INSTRUCTIONS FOR THE TASK> Nothing is needed except the lines below that run from the one with "जब एक person" through the one with "Skip through the", repeated exactly.

SOURCE DATA>
::::
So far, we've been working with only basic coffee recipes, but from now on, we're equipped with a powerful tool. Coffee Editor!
::::
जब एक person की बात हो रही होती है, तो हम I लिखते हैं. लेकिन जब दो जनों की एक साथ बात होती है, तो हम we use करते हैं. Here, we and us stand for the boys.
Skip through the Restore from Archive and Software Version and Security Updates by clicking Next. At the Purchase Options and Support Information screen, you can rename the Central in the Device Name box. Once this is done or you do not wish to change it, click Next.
::::
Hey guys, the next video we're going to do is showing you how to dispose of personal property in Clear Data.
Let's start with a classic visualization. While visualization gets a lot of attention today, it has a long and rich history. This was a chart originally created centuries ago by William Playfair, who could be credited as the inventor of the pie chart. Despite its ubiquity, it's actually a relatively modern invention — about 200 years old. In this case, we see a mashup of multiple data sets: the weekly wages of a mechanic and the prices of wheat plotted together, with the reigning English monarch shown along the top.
::::
RESULT FOR THIS TASK>
जब एक person की बात हो रही होती है, तो हम I लिखते हैं. लेकिन जब दो जनों की एक साथ बात होती है, तो हम we use करते हैं. Here, we and us stand for the boys.
Skip through the Restore from Archive and Software Version and Security Updates by clicking Next. At the Purchase Options and Support Information screen, you can rename the Central in the Device Name box. Once this is done or you do not wish to change it, click Next.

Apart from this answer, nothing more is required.